When conflict emerges along major maritime routes, the underlying network reveals its dependence on physical geography.
Digital services may appear detached from territory, yet the cables carrying those services remain tied to specific waters and coastlines.
Technology Firms Start Reconsidering Route Geography
The disruption affecting the 2Africa submarine cable reflects a broader reassessment across the subsea infrastructure industry.
Technology firms and telecom consortiums have begun exploring cable routes that bypass traditional chokepoints in the Middle East. One proposed system, known as Project Waterworth, would connect the United States, India, South Africa, and Brazil through longer ocean paths across the Atlantic and Indian Oceans.
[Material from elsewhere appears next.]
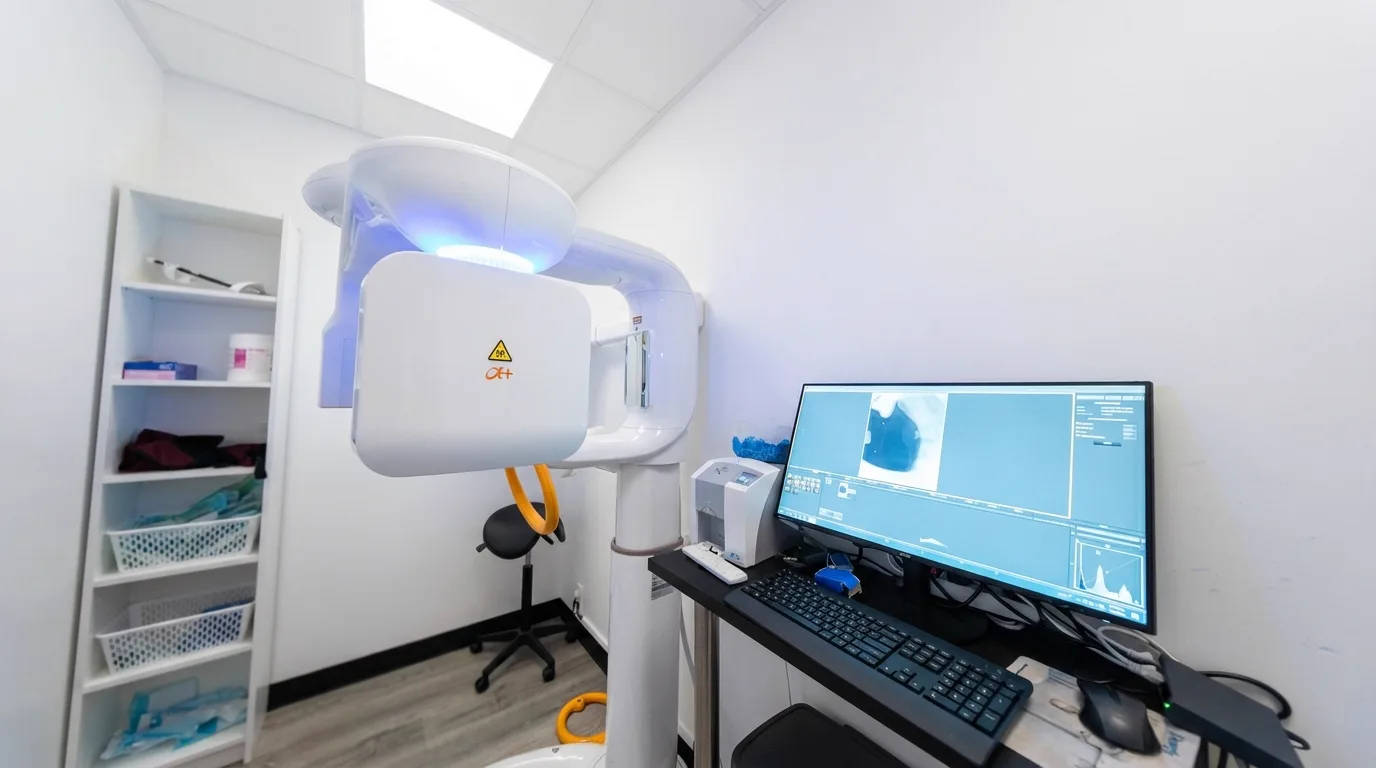 Radiographie panoramique 3D au cabinet dentaire White & Care à Anderlecht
Longer routes require more equipment and greater capital investment. They also extend construction timelines.
Yet avoiding unstable maritime corridors may justify those costs.
Other cable projects have encountered similar delays. The Sea-Me-We 6 system has slowed development amid the same regional tensions, while a separate cable initiative overseen by Ooredoo has paused during the current security environment.
Infrastructure planners increasingly factor geopolitical volatility into route design.
Africa’s Bandwidth Expansion Continues Despite the Pause
The construction halt does not erase the long-term role of the 2Africa submarine cable.
Demand for international bandwidth across Africa continues to grow as mobile internet usage expands and digital services move deeper into everyday economic activity. New data centers are appearing in cities such as Nairobi, Lagos, and Johannesburg, increasing the need for stable high-capacity connections to global networks.
Submarine cables determine how efficiently those connections operate. When additional systems enter service, wholesale bandwidth markets often become more competitive and network resilience improves.
Those changes unfold gradually.
For now, the unfinished segment in the Persian Gulf stands as a reminder that even the most ambitious digital infrastructure still relies on conditions far beyond the control of engineers or investors.
The Physical Internet Meets Political Geography
The story of the 2Africa submarine cable reveals a simple but often overlooked reality.
The internet is not weightless.
Its infrastructure includes fiber strands laid across seabeds, landing stations built along exposed coastlines, and installation vessels navigating crowded maritime corridors. Those elements sit directly inside the same geopolitical landscape that shapes shipping lanes, naval deployments, and regional conflicts.
For decades the subsea cable industry operated with the assumption that commercial infrastructure would remain largely insulated from military escalation.
Recent disruptions challenge that assumption.
The cables remain on the seabed. The forces determining when they can be finished lie above the waterline.